*Description of the task*
What you output must match the entries exactly, apart from the pictures, which are left out.

◆ ◆ ◆ ◆ ◆ ◆ ◆

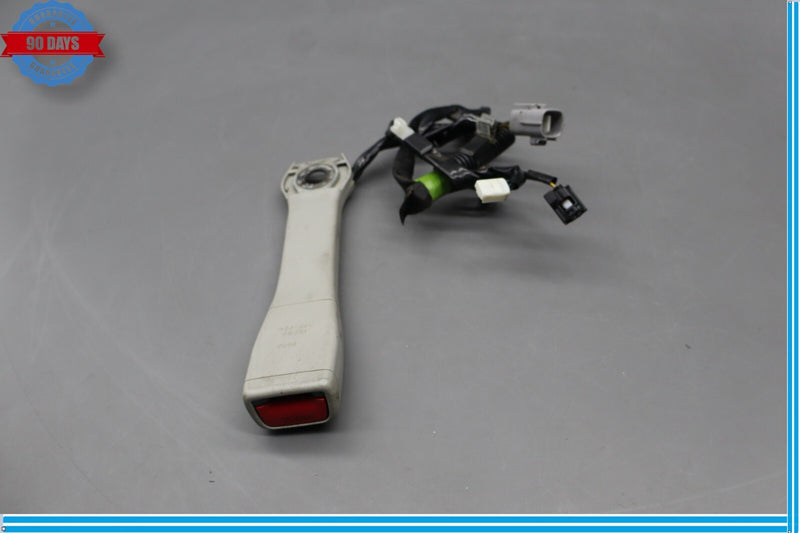 Load image into Gallery viewer, 07-12 Lexus LS460 LS460L Front Left Driver Side Seat Belt Seatbelt Buckle Oem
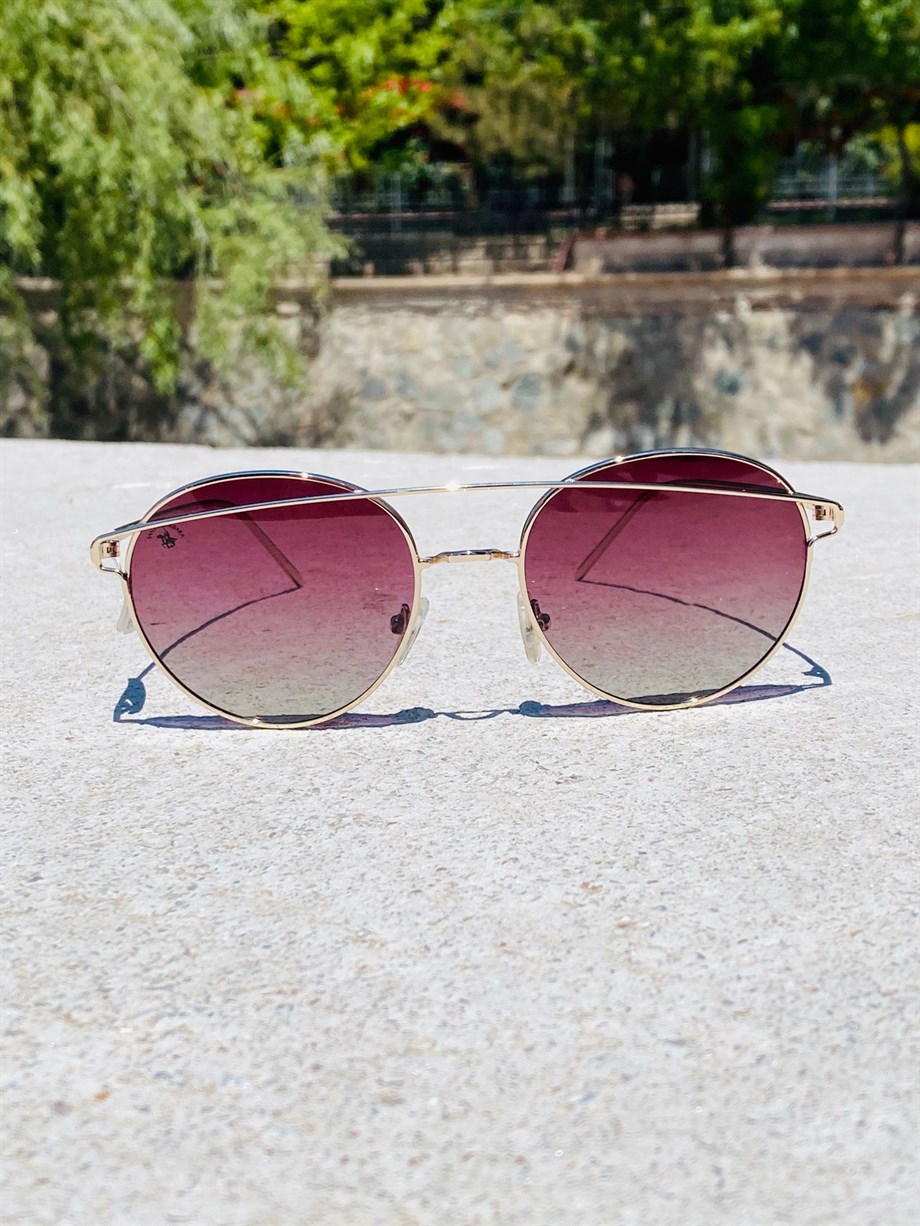 SANTA BARBARA POLO & RACQUET CLUB SB1018 COL.3 KADIN GÜNEŞ GÖZLÜĞÜ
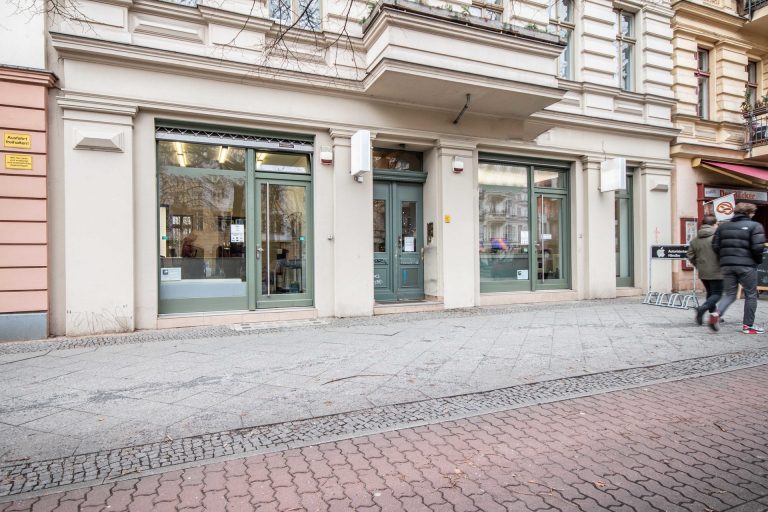 Immobilienangebot - Berlin - Alle - PRAXISFLÄCHE IN GUTER LAUFLAGE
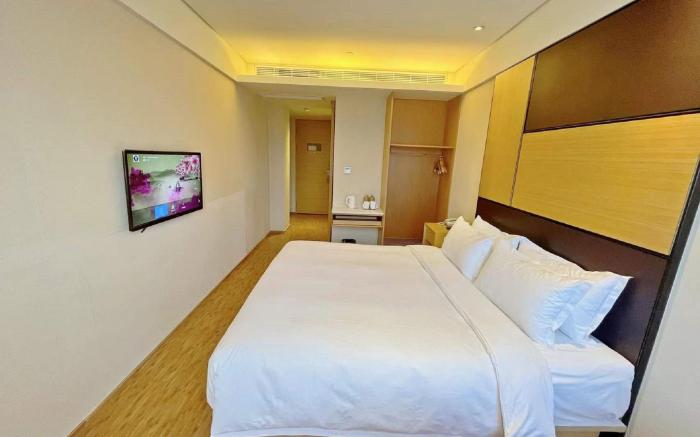 Ji Hotel Shanghai Jiading Qinghe Road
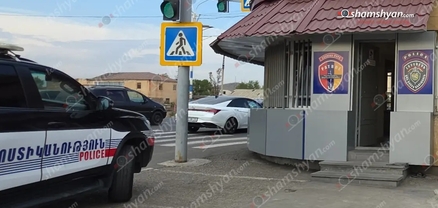 Կրակոցներ Կոտայքում. «Hyundai»-ի վարորդն ու ուղևորը կրակոցներ են արձակել պարեկների ուղղությամբ. կան վիրավորներ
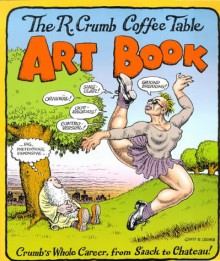 R.Crumb Coffee Table Art Book - Robert Crumb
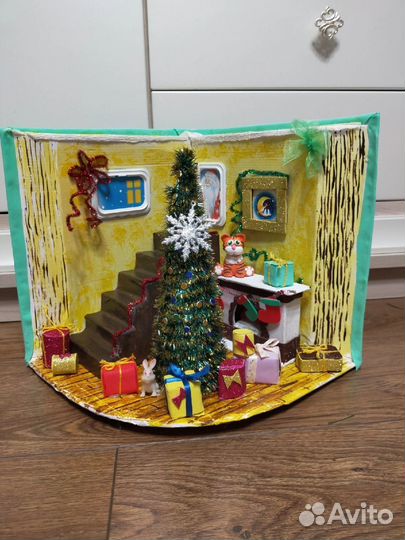 Поделки для детского сада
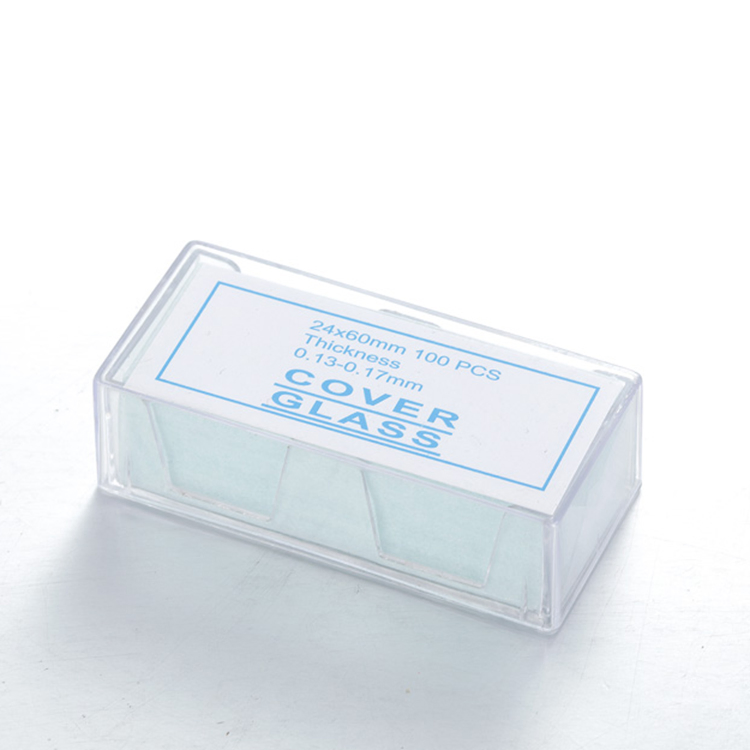 Professional Brand Protective Instrument Glass Disposable Microscope Cover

◆ ◆ ◆ ◆ ◆ ◆ ◆

*Result for this task*
 Load image into Gallery viewer, 07-12 Lexus LS460 LS460L Front Left Driver Side Seat Belt Seatbelt Buckle Oem
 SANTA BARBARA POLO & RACQUET CLUB SB1018 COL.3 KADIN GÜNEŞ GÖZLÜĞÜ
 Immobilienangebot - Berlin - Alle - PRAXISFLÄCHE IN GUTER LAUFLAGE
 Ji Hotel Shanghai Jiading Qinghe Road
 Կրակոցներ Կոտայքում. «Hyundai»-ի վարորդն ու ուղևորը կրակոցներ են արձակել պարեկների ուղղությամբ. կան վիրավորներ
 R.Crumb Coffee Table Art Book - Robert Crumb
 Поделки для детского сада
 Professional Brand Protective Instrument Glass Disposable Microscope Cover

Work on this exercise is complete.